→ RECORDS PROVIDED:
· · ·

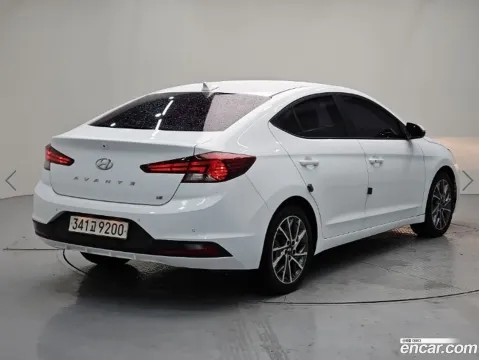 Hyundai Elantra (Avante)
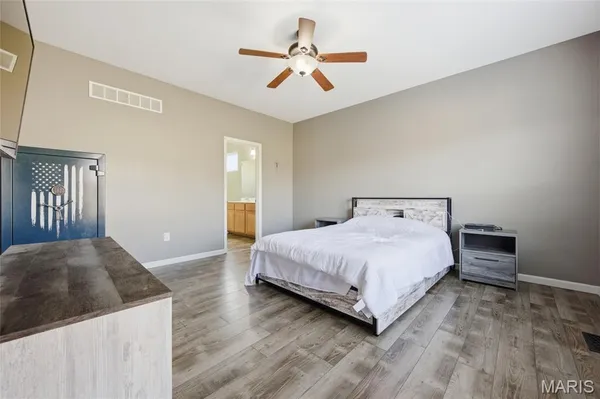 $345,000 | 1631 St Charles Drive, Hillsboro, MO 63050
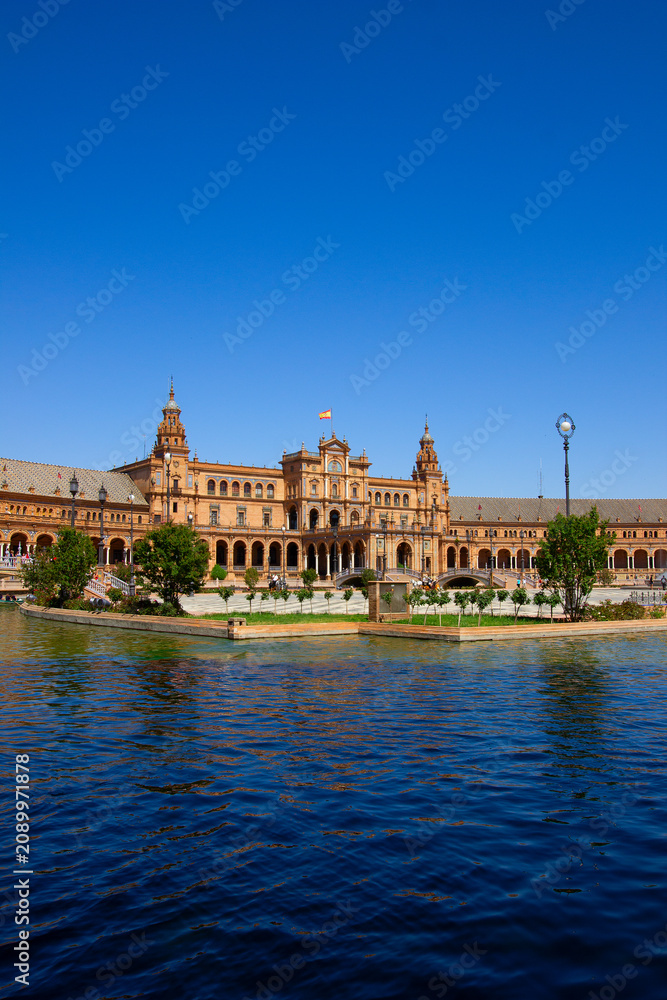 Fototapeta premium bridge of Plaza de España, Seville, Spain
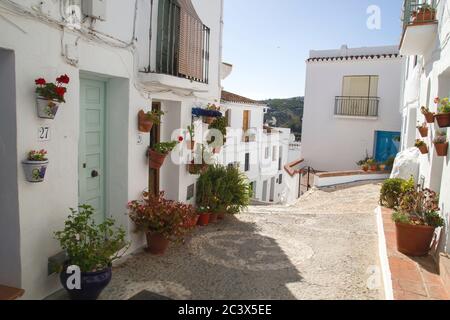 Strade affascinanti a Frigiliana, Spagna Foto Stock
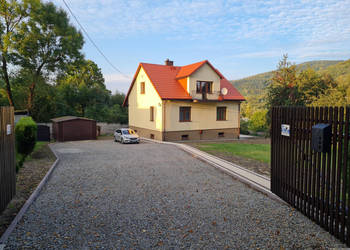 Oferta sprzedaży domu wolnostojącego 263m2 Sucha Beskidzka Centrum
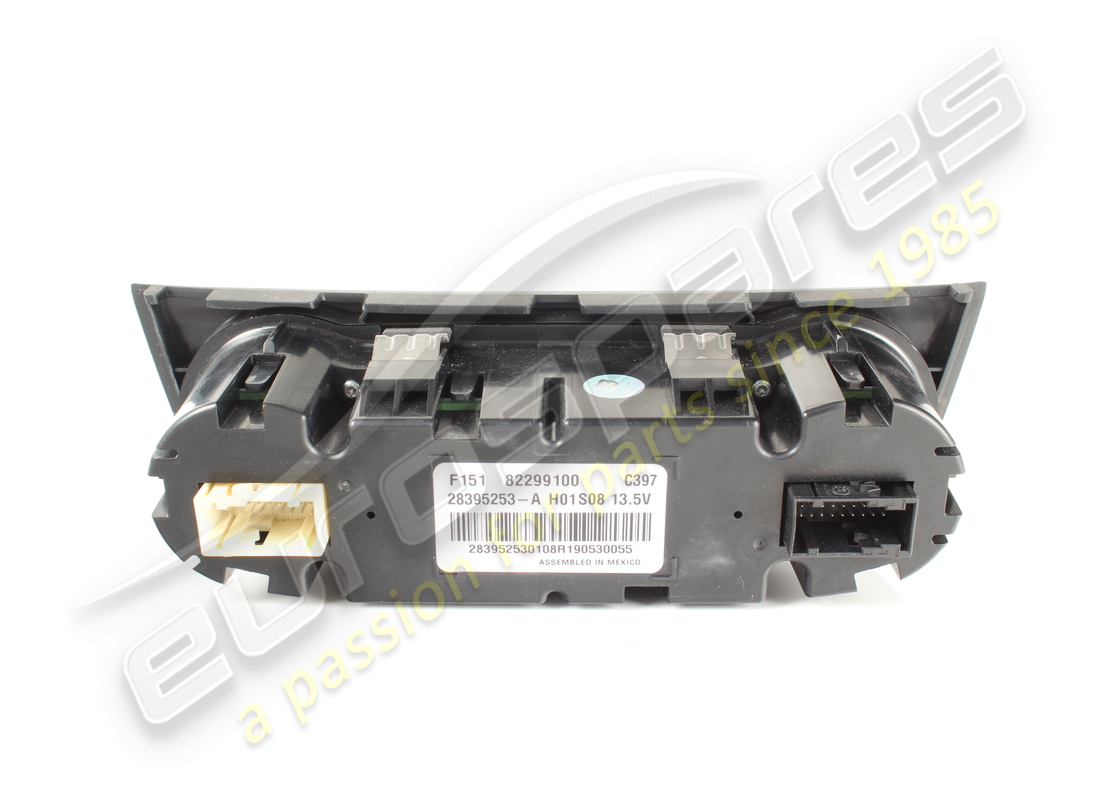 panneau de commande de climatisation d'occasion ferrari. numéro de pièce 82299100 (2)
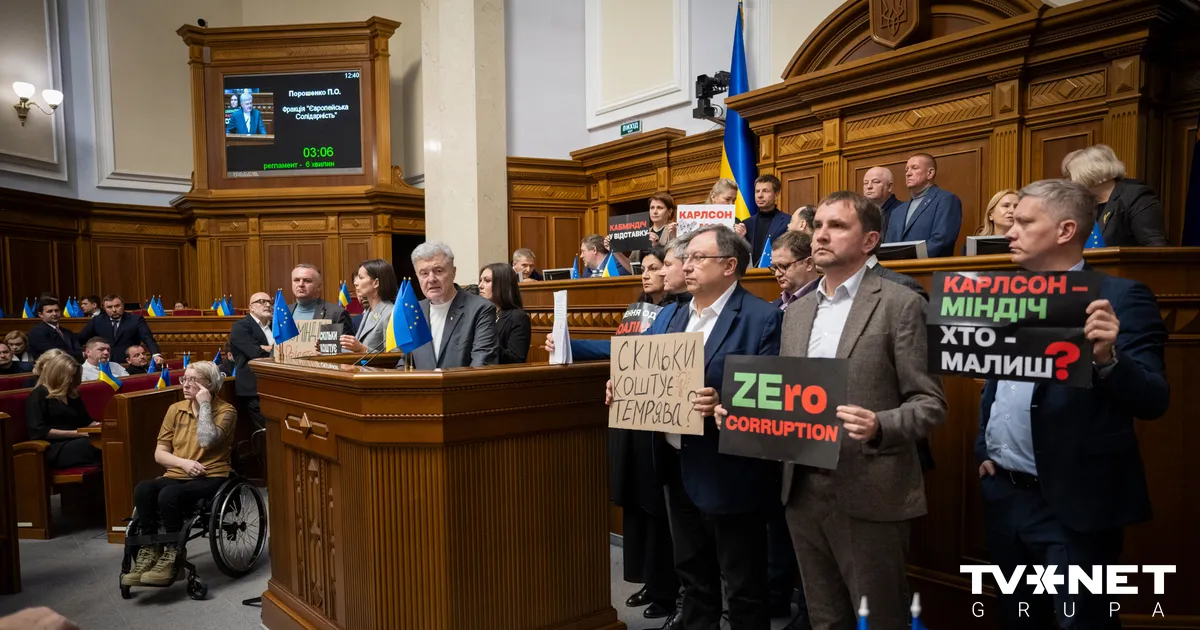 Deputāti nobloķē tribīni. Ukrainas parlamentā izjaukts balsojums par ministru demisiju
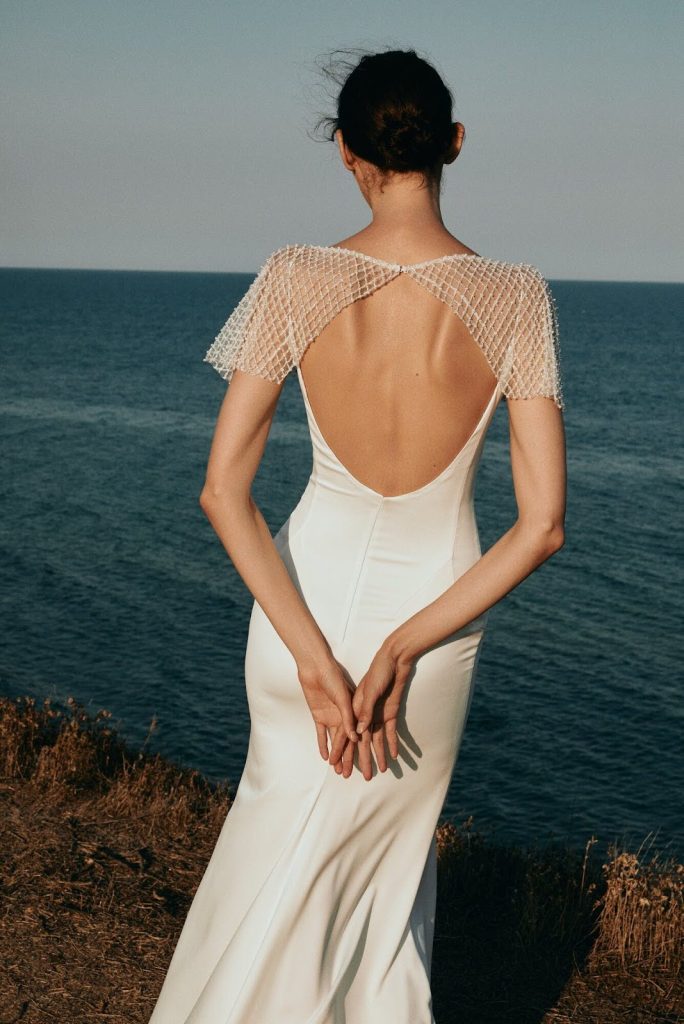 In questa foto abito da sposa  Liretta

· · ·

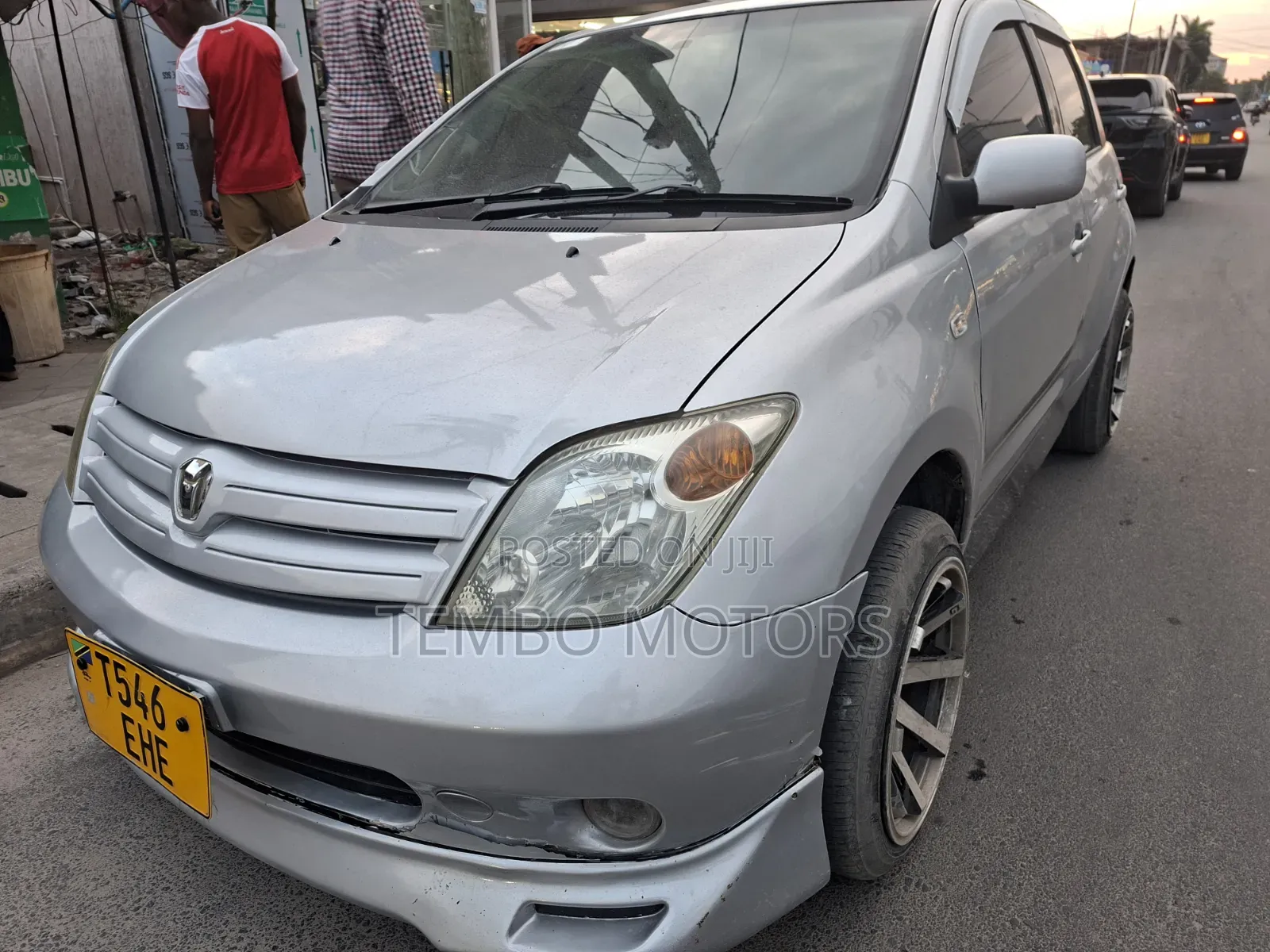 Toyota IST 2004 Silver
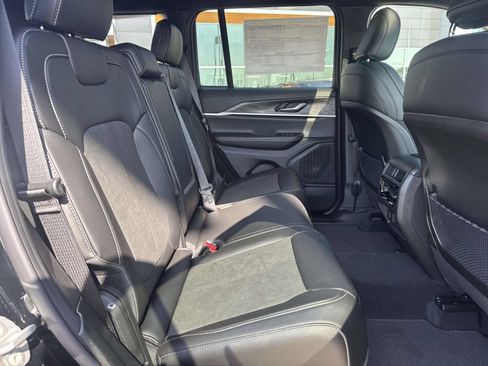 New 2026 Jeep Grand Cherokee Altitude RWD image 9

· · ·

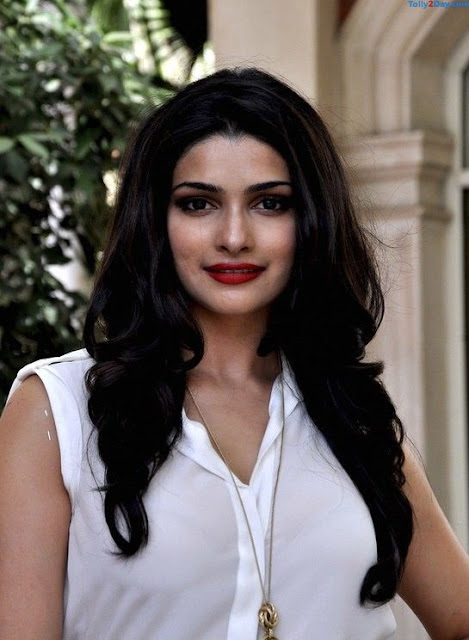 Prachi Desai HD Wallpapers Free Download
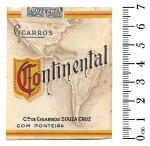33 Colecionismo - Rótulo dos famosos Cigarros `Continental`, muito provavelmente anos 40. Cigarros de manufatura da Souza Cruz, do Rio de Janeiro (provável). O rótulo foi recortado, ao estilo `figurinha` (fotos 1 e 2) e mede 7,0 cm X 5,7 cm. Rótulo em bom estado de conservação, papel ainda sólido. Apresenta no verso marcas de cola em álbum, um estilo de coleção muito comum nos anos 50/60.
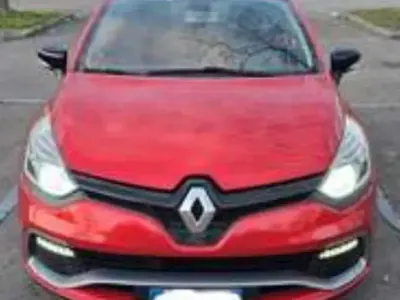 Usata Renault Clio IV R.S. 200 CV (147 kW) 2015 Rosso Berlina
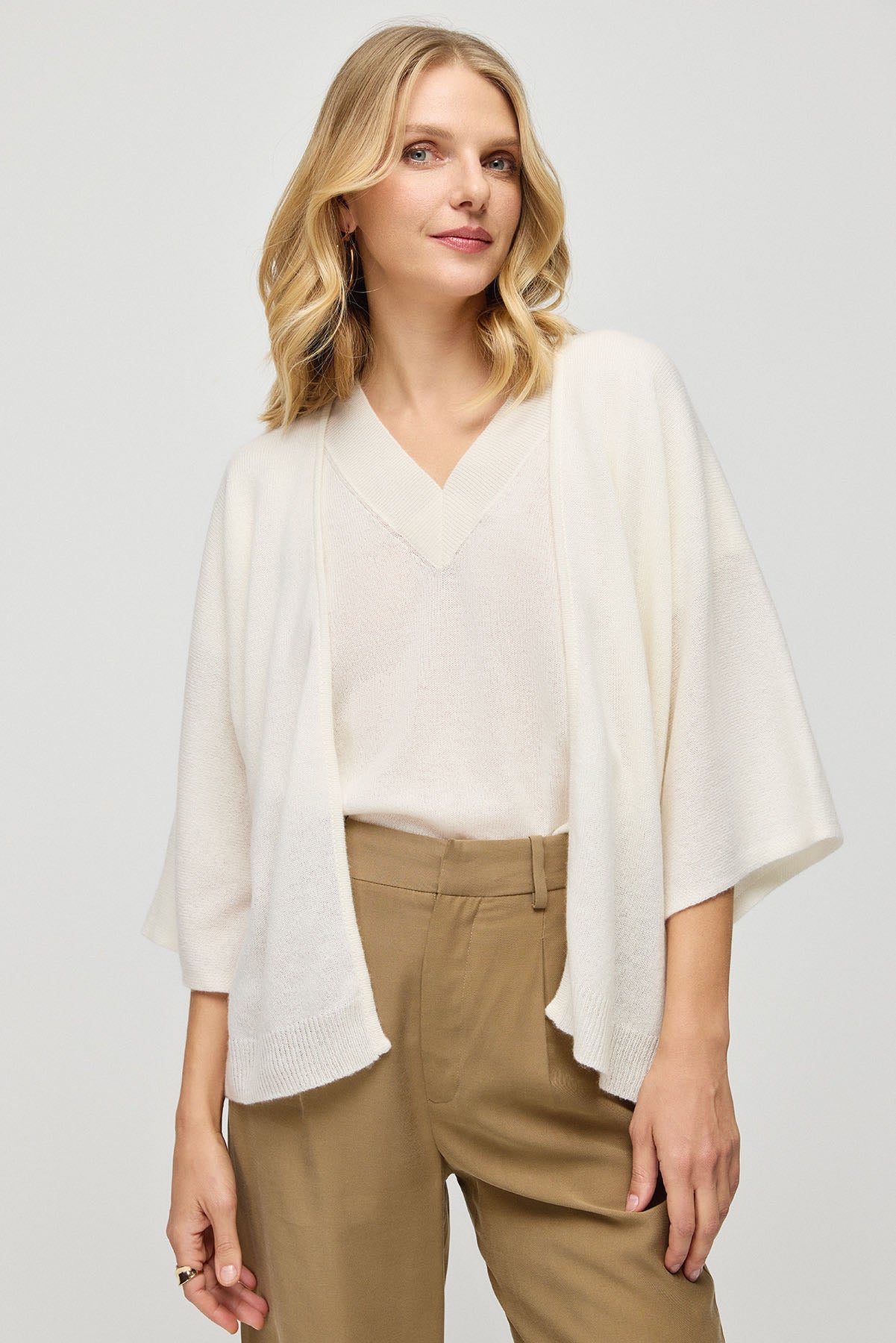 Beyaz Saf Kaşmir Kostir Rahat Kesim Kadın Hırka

· · ·

→ WHAT YOU NEED TO DO: Give again the stretch of the entries above that begins at the line with "Hyundai Elantra (Avante)" and ends at the line with "Oferta sprzedaży domu", word for word, with no pictures.

→ PROBLEM SOLUTION:
 Hyundai Elantra (Avante)
 $345,000 | 1631 St Charles Drive, Hillsboro, MO 63050
 Fototapeta premium bridge of Plaza de España, Seville, Spain
 Strade affascinanti a Frigiliana, Spagna Foto Stock
 Oferta sprzedaży domu wolnostojącego 263m2 Sucha Beskidzka Centrum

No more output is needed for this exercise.